This article is more than 22 years old

Barbican, London

The final concert in the Barbican's Only Connect series sought to explore "the inspiration of the computer game on electronic music", or so it said in the brochure. "Will gigs of the future be played out in vast school playgrounds or SMS messaged across the globe in real time?" it wondered.

The audience probably hoped so. A bloke sitting across the aisle from me spent the evening alternately sending messages on his mobile and waving his arms in the air in time to the bleeps and crunching noises emanating from the stage.

During the intervals, the foyer was jammed with men with minimal hair, goatee beards and brain-drain glasses, wearing sweatshirts with hoods. The Barbican had been transformed into Geekworld.

Proceedings commenced with Plaid, alias Ed Handley and Andy Turner, who busied themselves at their computers in darkness while spindly shapes spun and receded on the big screen behind them. Their music - or their sequences of organised noises, at any rate - was sometimes rapid and staccato, and sometimes a goulash of blooping and gibbering noises. Their occasional lapses into melody may have been the result of a technical malfunction.

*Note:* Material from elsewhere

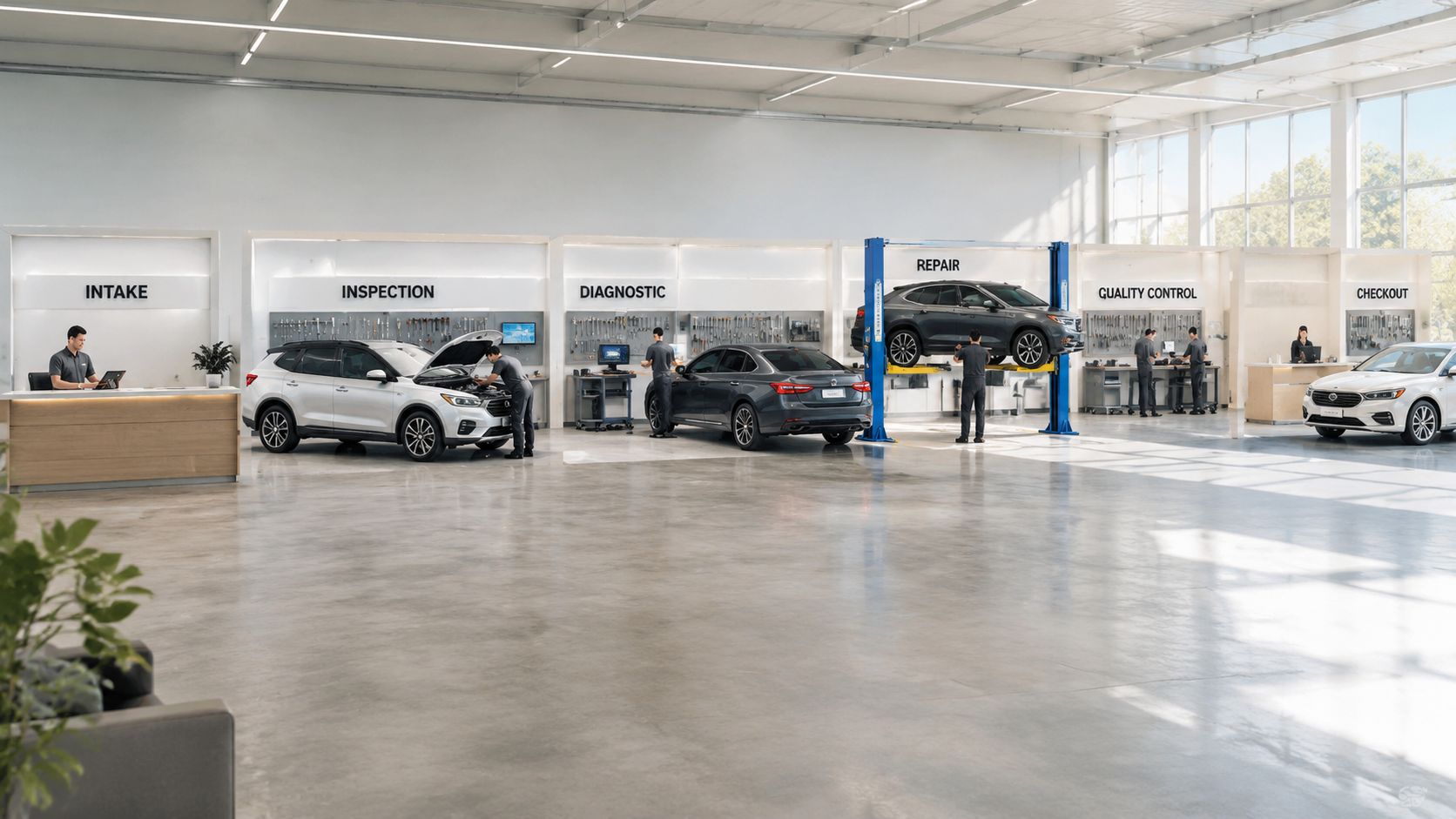 A modern, bright auto repair shop featuring several service stations from intake to checkout with technicians working.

Coil have been grinding away for 20 years and have learned how to put on a bit of a show: they arrived on stage clad in spectral white druidic costumes. Alongside their array of electronica, they brought along a hurdy-gurdy and some bagpipes, and their electronic beats and tones blended surprisingly well with minor-chord drones and primitive wailing noises. Coil also wanted to go beyond merely toying with sounds and had a few points to make, especially in a powerful piece dedicated to "prisoners of the world", accompanied by a harrowing film of bedraggled inmates in the former Soviet Union. In a gesture to the computer-game theme, they had concocted some flight-simulator images, showing 1,001 ways to crash a British Airways jet.

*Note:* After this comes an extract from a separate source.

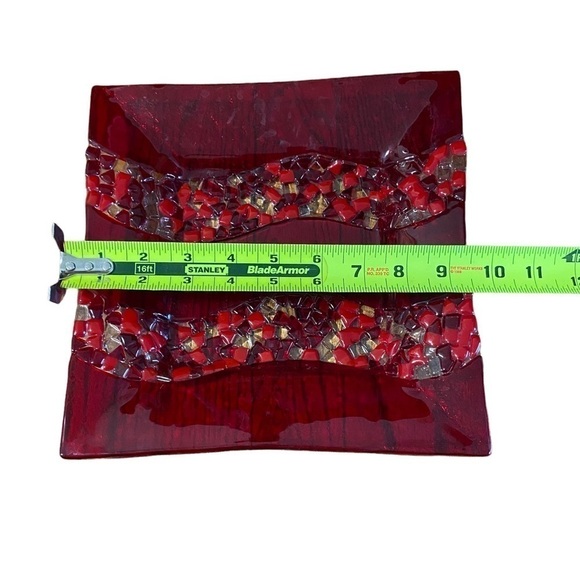 Vintage Fused  Red Glass Dish Wall Art Minimalist Mosaic Detail Signed Arcotex - Picture 7 of 12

Finally it was Mouse on Mars, or Jan St Werner, Andi Toma and a messy workbench covered in wires and electrical junk. "Their music is deceptively dense," it said in the programme notes, which I took to mean that just because something sounds like a twittering mess, that doesn't mean it isn't. Their "specially commissioned visuals" comprised a few scrappy snapshots from somewhere in Japan. No wonder some punters opted for the Playstation 2 games in the lobby instead.